Member of the House of Representatives
- Incumbent
- Assumed office 31 March 2021

Member of the Amsterdam municipal council
- In office 29 March 2018 – 31 March 2021
- Succeeded by: Tjitske Kuiper

Duo-commissielid of the States of North Holland
- In office 26 May 2015 – 12 September 2018
- Succeeded by: Marijke Terlouw

Personal details
- Born: Don Guno Maria Ceder 20 October 1989 (age 36) Amsterdam, Netherlands
- Party: Christian Union
- Education: Vrije Universiteit Amsterdam
- Occupation: Lawyer
- Website: donceder.nl

= Don Ceder =

Dutch lawyer and politician (born 1989)

Don Guno Maria Ceder (born 20 October 1989) is a Dutch lawyer and politician, serving as a member of House of Representatives since the 2021 general election.

After studying law at the Vrije Universiteit Amsterdam, he founded a company with his cousin, but left in 2015 to start his own law practice. He won a seat in the Amsterdam municipal council three years later as a member of the political party Christian Union.

== Early life and education ==
Ceder was born on 20 October 1989 in the Dutch capital Amsterdam to a Surinamese father and a Ghanaian mother. He has a brother, a half-brother, and a half-sister, and he grew up in the Zuidoost neighborhood Bijlmermeer. Ceder's parents split up when he was in elementary school, and he was subsequently raised by his mother. He attended the secondary school Sint-Nicolaaslyceum at gymnasium level. He studied law at the Vrije Universiteit Amsterdam starting at age seventeen and earned his Master of Laws degree in 2013. While studying, he had an internship at the Christian Union for nine months. Before, he had been a member of the Labour Party for a short period.

== Legal career ==
In January 2014, Ceder and his cousin Calvin Ceder founded a company providing legal advice to people targeted by debt collectors called Anti-Incasso. Besides, he worked as spokesperson for Stichting ConTel, a consumer organization helping telecom users.

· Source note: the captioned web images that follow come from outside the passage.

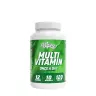 Wispy Multivitamin  (120 Compressa)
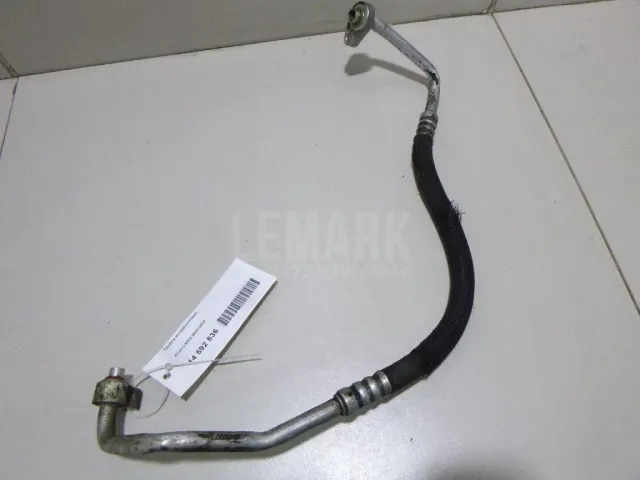 Трубка кондиционера для  Honda Accord VIII 2008-2015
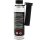 5x TECPO Diesel SPEED Injektor Reiniger Ester, 300 ml
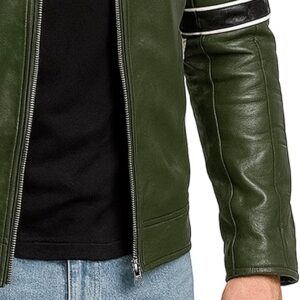 71nQUowoh0L. AC SX522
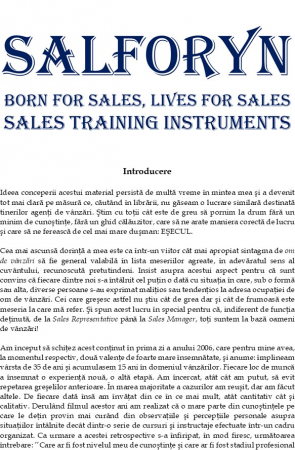 RO E-book "Doi Bani pentru o IDEE" [2]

Ceder left Anti-Incasso to start his own solo law practice in March 2015 called Ceder Advocatuur, that is focussed on defending people in debt. He had been admitted to the bar the month before. In 2018, business magazine Forbes placed him on their European 30 Under 30 in Law & Policy list. The following year, he successfully helped a woman get her aborted child registered in the Dutch civil registry shortly after a law was passed that makes this possible after a miscarriage. The woman, who later came to regret the abortion, told her story in an episode of the EO television program NieuwLicht. Ceder started taking on less cases in 2019 because of his position as municipal councilor. He represented over 15 parents who were caught up in the childcare benefits scandal.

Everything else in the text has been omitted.